Sunday, April 14, 2013

Slow Cooker Refried Beans

Why I have never made my own refried beans until now I'll never know. This couldn't be easier. You can soak the beans overnight or rinse them and throw them in dry. I always soak mine just to be safe. I promise, you will never open another can of beans again. The beauty of this is that you can make a ginormous batch and then freeze it in smaller containers to use as you need them. My husband eats these for lunch. He likes to make his own burritos so he jumps for joy when he sees me make these.

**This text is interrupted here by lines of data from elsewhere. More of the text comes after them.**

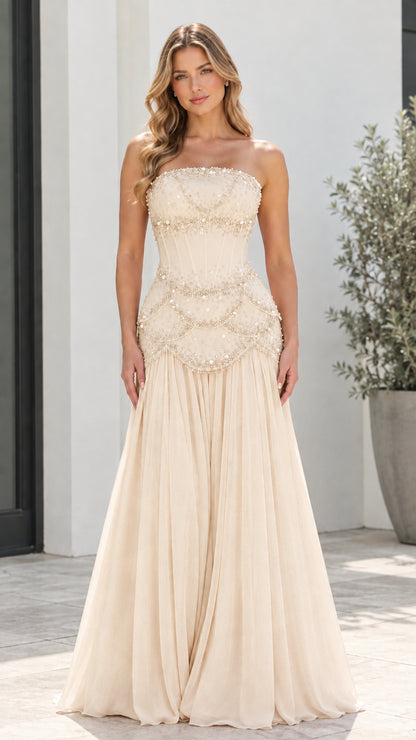 Model wearing Champagne strapless beaded corset pleated evening gown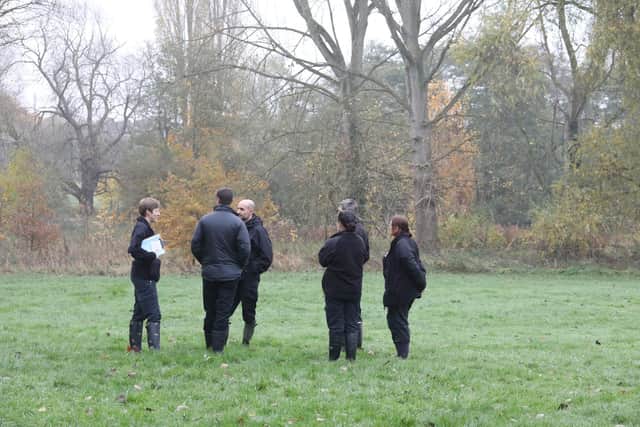 Police discuss the operation this morning.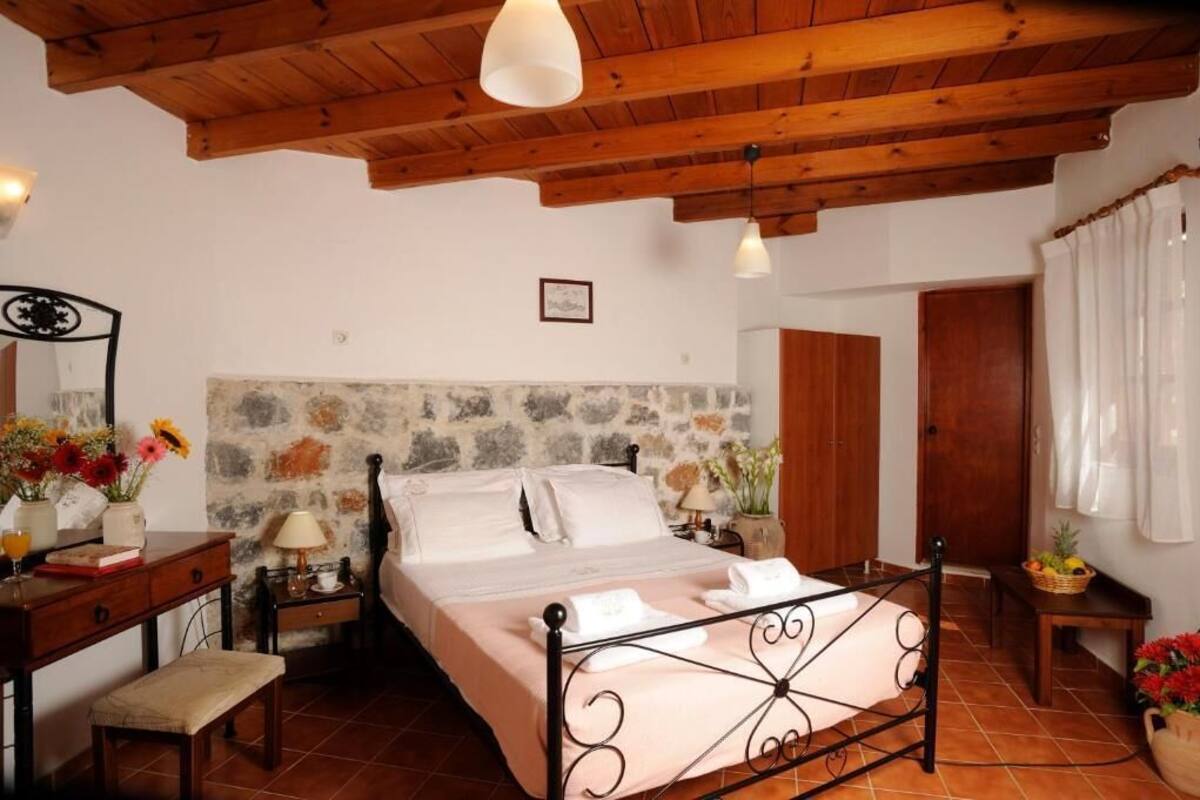 A bedroom with a stone wall, wooden ceiling beams, a metal bed frame, a bedside table with a lamp, and a window with curtains.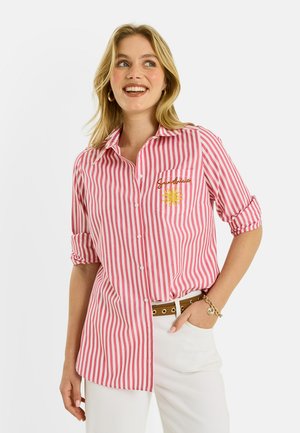 Mujer sonriente con camisa de rayas verticales rojas y blancas con botones, con texto "Sunshine" y bordado de sol, pantalones blancos y accesorios dorados.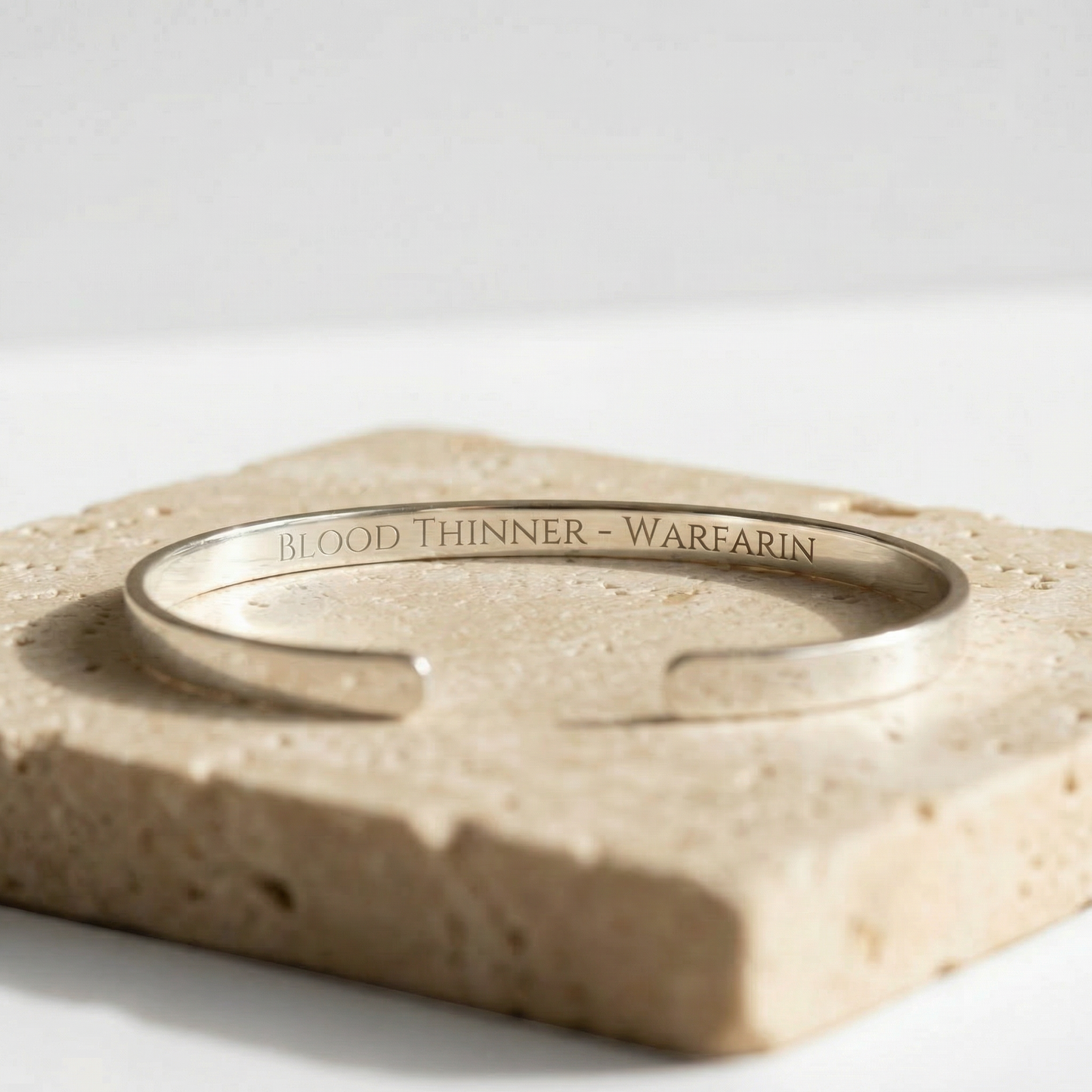 Sterling silver medical alert cuff bracelet with text inside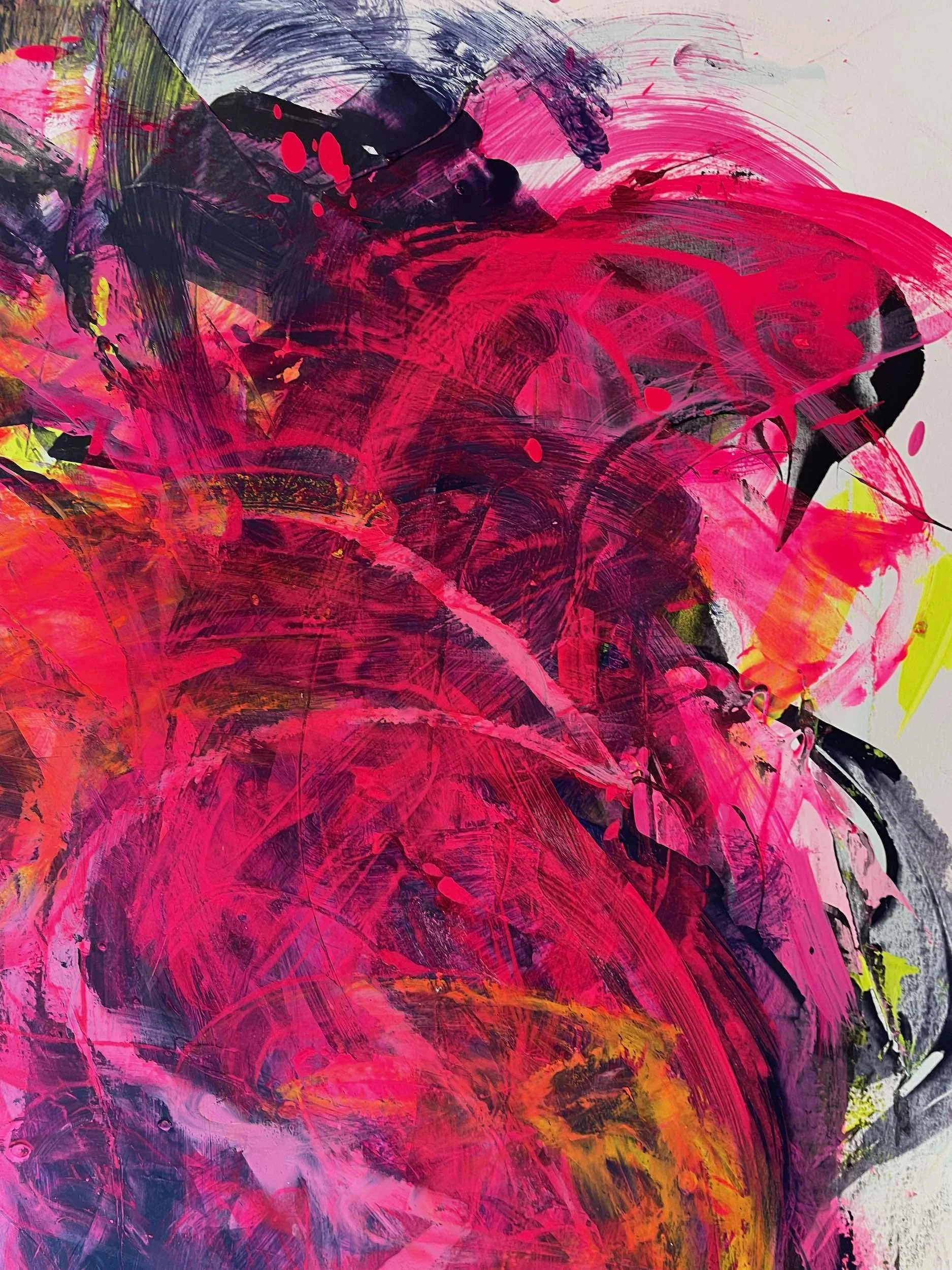 Abstract painting with bold strokes of pink, black, yellow, and orange paint on a canvas.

Another reason for making these is that they have absolutely no fat and you can control the salt.



2 lbs dry pinto beans
1 large onion, diced
5 cloves of garlic minced
2 jalapeno peppers, seeds and ribs removed and diced
2 tsp cumin
2 1/2 tbsp-3 tbsp salt
1/2 tsp black pepper
10 cups hot water

Place everything in the slow cooker and cook on high for 4 hours then turn to low for 2 hours. Drain off the liquid and then add back a little at a time as you mash them. I use an emulsion blender to get mine smooth. I think it is easier than using a potato masher.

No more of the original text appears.